И. К. Бирюков
МОЛОКАНЕ В АМЕРИКЕ
1969
Глава 8
ПОМОЩЬ БРАТЬЯМ В ИРАНЕ
И хотя существовали некоторые различия в способах решения и даже в самом отношении к внутренним проблемам в общине или к миру в целом, но было в этих разногласиях и нечто здравое, свидетельствующее о напряжённой жизни братства, бдительно следившем за выполнением основных законов молоканского учения. Так и апостол Павел в послании к Коринфянам говорит, что он видит все споры, но разногласия помогают избежать ереси.
Суть заключается в том, что, несмотря на напряжение, которое испытывала молоканская система взглядов, приспосабливавшаяся к жизни в Америке, она оставалась в целом не задетой американским влиянием, проявлялась слаженно во всех наиболее важных делах общины, что особенно было заметно в периоды двух войн и экономической депрессии.
Всё это подтвердилось в очередной раз в феврале 1946 года, когда молокане Лос-Анджелеса получили известие от большой группы иранских (персидских) молокан, просившей о содействии иммиграции в США. Ранее уже было известно о существовании молокан в Иране, однако ничего конкретного ни об их жизненных условиях там, ни об их численности никто не знал. Знали только, что в начале тридцатых годов, когда коммунистическое правительство СССР прикладывало все усилия для того, чтобы сформировать колхозы и принуждало к этому крестьян, многие молокане искали спасения за границей. Отказываясь объединяться в колхозы и опасаясь от преследований со стороны государства, они бежали в Иран и Турцию.
В 1938 году из Сирии до общины дошла слёзная мольба от беженцев, которые оказались там без средств к существованию после бесплодных кочеваний между Турцией и Сирией, чьи правительства оставались равнодушными к их просьбам о защите.

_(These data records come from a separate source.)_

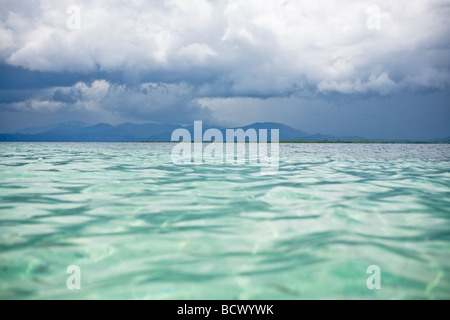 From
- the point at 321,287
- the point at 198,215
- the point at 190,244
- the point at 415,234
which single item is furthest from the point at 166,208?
the point at 415,234

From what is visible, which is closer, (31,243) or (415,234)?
(31,243)

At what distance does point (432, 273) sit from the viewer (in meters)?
3.61

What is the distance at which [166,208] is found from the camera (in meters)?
6.71

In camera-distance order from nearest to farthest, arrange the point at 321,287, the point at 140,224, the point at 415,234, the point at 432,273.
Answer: the point at 321,287 → the point at 432,273 → the point at 415,234 → the point at 140,224

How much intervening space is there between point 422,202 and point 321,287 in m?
5.36

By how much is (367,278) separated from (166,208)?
4233mm

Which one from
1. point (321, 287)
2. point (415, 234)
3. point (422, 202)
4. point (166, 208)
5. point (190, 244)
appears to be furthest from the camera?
point (422, 202)

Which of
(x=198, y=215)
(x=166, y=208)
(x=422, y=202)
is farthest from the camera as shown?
(x=422, y=202)

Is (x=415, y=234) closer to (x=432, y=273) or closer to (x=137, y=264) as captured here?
(x=432, y=273) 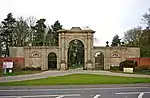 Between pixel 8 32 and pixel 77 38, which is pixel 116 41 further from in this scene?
pixel 77 38

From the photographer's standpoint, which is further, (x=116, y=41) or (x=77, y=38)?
(x=116, y=41)

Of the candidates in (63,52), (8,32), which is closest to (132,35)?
(63,52)

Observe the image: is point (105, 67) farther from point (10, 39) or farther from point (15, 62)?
point (10, 39)

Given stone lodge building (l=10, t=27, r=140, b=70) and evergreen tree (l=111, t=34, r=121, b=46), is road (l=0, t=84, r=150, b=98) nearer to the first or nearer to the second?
stone lodge building (l=10, t=27, r=140, b=70)

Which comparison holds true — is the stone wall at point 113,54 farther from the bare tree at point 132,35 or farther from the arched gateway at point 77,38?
the bare tree at point 132,35

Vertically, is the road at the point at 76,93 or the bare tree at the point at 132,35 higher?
the bare tree at the point at 132,35

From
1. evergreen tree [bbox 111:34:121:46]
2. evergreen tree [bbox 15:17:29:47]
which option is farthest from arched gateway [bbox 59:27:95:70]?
evergreen tree [bbox 111:34:121:46]

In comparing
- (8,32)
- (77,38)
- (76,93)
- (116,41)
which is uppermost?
(8,32)

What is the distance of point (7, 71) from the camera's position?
4812cm

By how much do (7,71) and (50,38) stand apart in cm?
4009

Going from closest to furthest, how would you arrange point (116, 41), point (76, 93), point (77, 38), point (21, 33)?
point (76, 93)
point (77, 38)
point (21, 33)
point (116, 41)

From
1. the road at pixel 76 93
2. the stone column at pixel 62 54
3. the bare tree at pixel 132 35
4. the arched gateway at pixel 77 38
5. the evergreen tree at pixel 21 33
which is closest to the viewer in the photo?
the road at pixel 76 93

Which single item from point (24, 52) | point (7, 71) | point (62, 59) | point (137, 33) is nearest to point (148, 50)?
point (137, 33)

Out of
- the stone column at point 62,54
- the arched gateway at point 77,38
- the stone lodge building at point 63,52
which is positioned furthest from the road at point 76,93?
the stone lodge building at point 63,52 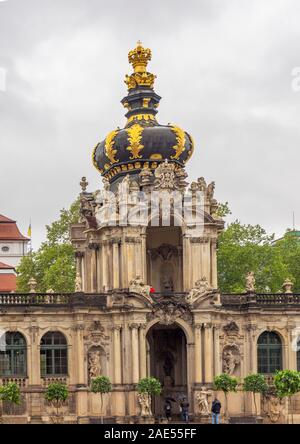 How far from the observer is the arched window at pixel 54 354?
5925 centimetres

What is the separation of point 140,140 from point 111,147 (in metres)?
1.84

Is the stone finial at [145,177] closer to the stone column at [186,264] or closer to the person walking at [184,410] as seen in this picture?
the stone column at [186,264]

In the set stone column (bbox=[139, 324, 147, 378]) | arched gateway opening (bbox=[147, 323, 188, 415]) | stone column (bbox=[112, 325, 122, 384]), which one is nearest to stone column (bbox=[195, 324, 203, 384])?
arched gateway opening (bbox=[147, 323, 188, 415])

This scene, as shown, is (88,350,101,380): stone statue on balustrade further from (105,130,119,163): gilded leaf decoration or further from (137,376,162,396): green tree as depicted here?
(105,130,119,163): gilded leaf decoration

Тогда общиной было послано какое-то количество собранных денег, но с началом второй мировой войны связь с беженцами оборвалась вплоть до 1945 года. В 1945 году молодая семья русских баптистов приехала из Ирана в Лос-Анджелес. Там они нашли молоканскую семью, чьи родственники жили в Иране — по координатам, которые те им сообщили.
Они поведали о многих молоканах, переселившихся в Иран, в том числе о тех, кто какое-то время пробыл в Сирии, а затем перебрался в Иран. Их слова звучали убедительно, поскольку они помнили молоканские имена, узнаваемые лос-анджелесскими родственниками.
Ничего предпринимать, однако, сразу не решились, так как не было очевидно, что иранские молокане хотят переехать в Америку. Допускалось скорей обратное, что они не хотят переезжать, ведь, как уже говорилось, в сердцах многих оставалась жива надежда, что спасительное убежище должно быть обретено не в Америке, а в Иране или Турции.
Каково было всеобщее удивление, когда новые известия достигли Лос-Анджелеса в феврале 1946 года. Оказалось, что уже более десяти лет в Иране живет наш род и эта группа иранских молокан довольно многочисленна, а теперь они предпринимают мучительные попытки эмигрировать в Соединенные Штаты — почти безнадежно.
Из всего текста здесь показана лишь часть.